Short text fragments from websites
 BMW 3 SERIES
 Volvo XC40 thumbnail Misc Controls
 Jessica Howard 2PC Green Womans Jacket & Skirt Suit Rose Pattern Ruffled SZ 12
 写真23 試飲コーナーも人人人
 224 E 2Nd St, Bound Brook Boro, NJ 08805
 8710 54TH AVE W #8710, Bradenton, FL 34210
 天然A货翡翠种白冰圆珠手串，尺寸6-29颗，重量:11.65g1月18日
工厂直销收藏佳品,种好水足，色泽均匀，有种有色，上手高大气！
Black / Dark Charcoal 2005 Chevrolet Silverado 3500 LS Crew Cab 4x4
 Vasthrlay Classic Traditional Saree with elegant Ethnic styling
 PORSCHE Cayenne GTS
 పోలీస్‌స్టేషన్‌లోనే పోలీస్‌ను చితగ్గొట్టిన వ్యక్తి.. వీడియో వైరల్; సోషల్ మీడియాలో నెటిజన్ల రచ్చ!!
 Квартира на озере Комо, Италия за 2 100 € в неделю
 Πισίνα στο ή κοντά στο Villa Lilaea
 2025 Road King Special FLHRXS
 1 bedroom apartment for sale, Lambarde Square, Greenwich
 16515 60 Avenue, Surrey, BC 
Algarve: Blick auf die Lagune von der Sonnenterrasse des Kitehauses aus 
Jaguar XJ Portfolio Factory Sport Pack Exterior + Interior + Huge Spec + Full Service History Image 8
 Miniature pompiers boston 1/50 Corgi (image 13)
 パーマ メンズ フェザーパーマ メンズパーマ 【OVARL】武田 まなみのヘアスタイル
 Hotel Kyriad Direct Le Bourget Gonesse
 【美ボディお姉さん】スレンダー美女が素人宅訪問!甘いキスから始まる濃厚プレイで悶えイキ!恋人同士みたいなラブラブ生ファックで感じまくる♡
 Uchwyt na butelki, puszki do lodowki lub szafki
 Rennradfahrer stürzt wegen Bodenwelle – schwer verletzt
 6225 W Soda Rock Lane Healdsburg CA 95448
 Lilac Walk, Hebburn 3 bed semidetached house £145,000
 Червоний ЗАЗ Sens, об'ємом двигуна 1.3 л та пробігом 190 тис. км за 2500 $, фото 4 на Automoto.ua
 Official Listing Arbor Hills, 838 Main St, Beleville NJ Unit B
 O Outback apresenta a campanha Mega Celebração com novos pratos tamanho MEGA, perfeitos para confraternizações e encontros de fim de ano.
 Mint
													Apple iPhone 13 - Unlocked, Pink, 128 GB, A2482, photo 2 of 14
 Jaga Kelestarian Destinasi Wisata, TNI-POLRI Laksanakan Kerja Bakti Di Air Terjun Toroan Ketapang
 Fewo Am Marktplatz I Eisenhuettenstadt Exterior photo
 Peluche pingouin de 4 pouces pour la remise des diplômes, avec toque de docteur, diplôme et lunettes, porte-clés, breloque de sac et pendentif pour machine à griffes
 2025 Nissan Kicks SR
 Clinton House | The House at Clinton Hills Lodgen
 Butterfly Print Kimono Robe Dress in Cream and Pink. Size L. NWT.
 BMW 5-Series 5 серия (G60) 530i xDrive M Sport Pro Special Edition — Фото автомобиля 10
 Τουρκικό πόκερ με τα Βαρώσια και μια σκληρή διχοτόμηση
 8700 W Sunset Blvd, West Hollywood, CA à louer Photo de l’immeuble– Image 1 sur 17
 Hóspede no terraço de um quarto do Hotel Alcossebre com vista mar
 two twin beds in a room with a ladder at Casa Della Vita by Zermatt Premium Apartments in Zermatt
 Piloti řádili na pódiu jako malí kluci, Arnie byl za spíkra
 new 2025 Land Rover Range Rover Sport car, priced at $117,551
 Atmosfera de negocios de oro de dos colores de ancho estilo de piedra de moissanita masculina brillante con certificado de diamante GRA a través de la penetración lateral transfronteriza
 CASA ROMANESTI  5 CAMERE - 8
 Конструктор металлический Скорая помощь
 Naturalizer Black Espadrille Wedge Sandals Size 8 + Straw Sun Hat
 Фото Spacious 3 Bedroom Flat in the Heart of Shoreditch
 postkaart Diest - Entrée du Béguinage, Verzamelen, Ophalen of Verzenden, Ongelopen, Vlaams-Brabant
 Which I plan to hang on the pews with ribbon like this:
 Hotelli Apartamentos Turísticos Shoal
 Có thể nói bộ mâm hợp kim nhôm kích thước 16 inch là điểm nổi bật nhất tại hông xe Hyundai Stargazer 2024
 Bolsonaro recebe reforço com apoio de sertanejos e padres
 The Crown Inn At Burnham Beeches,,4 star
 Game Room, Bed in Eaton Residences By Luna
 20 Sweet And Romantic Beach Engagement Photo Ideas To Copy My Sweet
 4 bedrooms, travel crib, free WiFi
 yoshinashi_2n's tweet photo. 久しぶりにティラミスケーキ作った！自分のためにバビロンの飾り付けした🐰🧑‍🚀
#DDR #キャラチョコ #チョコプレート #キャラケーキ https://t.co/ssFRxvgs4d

Exercise instructions. Your answer should be one number: how many lines of the records hold "Black".

Response area. 2